She is also an author, and her experience as a paramedic and anthologist proved to be the perfect background, she said, for writing her nonfiction book “Life and Death at Windover.”
It covers a case that she has always found to be uniquely fascinating, and one that demonstrates how remarkable human remains are, and what they can tell us about life in the Sunshine State thousands and thousands of years ago.
“If you’d lived in Florida 7,000 years ago, think about it, you didn’t have air conditioning and you didn’t have bug repellent,” she said. “You can imagine how difficult life was.”
That’s why human remains offer something very much like a mystery or jigsaw puzzle, she said. Examine them closely, and they offer a treasure trove of rich history artifacts, Wentz said.
“The things we experience in life are readily displayed in our skeleton,” she said. “We take the skeletons and analyze them for pathologies.”
“Life and Death at Windover” got its start as Wentz’s master’s thesis, an analysis of fracture frequencies among the skeletal population at Windover, a development at Windover Farms in Titusville that offered anthropologists an amazing discovery.
In fact, Wentz – who gave a presentation on the book and the case during a speaking program at the Doubletree by Hilton hotel near SeaWorld resort on Saturday – called the case “one of the most important archeological sites in North America.” In an era when television shows like “CSI” and “Bones” entertain audiences by showing how forensic science can crack crime cases and solve mysteries, Wentz was actually covering the real thing here in Central Florida.

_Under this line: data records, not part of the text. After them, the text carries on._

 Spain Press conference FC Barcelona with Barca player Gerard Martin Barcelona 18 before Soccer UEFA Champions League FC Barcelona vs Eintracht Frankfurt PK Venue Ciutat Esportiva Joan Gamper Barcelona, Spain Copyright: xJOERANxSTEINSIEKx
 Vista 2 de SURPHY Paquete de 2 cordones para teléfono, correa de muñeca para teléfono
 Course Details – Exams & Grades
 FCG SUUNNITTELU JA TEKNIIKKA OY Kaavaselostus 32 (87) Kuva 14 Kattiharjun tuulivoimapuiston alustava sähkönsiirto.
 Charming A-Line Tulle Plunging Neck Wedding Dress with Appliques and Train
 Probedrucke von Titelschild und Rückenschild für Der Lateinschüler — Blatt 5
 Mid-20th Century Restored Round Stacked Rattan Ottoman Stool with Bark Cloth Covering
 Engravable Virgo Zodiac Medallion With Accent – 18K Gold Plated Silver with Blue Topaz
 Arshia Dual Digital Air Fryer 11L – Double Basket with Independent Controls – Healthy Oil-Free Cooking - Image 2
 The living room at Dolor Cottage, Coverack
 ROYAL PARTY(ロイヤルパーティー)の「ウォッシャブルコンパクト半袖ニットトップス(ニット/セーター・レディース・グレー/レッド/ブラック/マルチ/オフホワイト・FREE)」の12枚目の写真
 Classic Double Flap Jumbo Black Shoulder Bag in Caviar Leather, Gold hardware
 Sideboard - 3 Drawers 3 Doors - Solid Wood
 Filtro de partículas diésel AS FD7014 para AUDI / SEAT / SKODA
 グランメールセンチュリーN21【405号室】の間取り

In 1992, a developer had hired a crew to began work on the property, and as one of the workers was using a backhoe to dig into a pond on the land, he discovered something: two human skulls. A little bit more digging, in fact, revealed that there were scores of skulls in that pond.
She said the contractor, Steve Vanderjast – who she interviewed extensively for her book – “thought he had stumbled across a murder.” He even brought the skulls to the attention of a Florida State trooper.
“He looked at it and said, ‘We only do car wrecks,’ “ Wentz said.
Assuming that bones buried in a lake indicated a fairly recent murder seemed like a good guess, she said, but it was an incorrect one.
“This was not a murder,” she said. “These were ancient bones, probably Native Americans.”
The bones were sent to a forensics lab in Miami, which determined that the bones were 7,000 years old.
“These bones found in a pond predated the Pyramids by 2,000 years,” Wentz said. “The teeth were highly worn down. This is typical of prehistoric populations.”
An anthropological crew got legislative funding to dig further in the pond, and literally had to suck the water out of it using pumps.
“They had to drain the pond enough so excavators could dig in it,” she said. But they discovered the moist conditions had kept the skeletons preserved for thousands of years.
“Those are the perfect conditions for skeletal remains,” she said. “They excavated 186 people from the base of this little pond. This is like an anthropologist winning the lottery.”
In fact, the dig unearthed the skeleton remains of a woman – and a baby fetus.
“She probably died in childbirth, and the fetus died with her,” Wentz said. “Not only did skeletons come out of the ground, but the artifacts they were buried with. One of the most astounding discoveries was hand-woven fabrics. They (anthropologiust) realized we are dealing with hand woven textiles that are 7,000 years old.”
Another discovery was even more remarkable.
“They found human brains, intact,” she said. “Some of the brains tend to be very well preserved from being in the water.”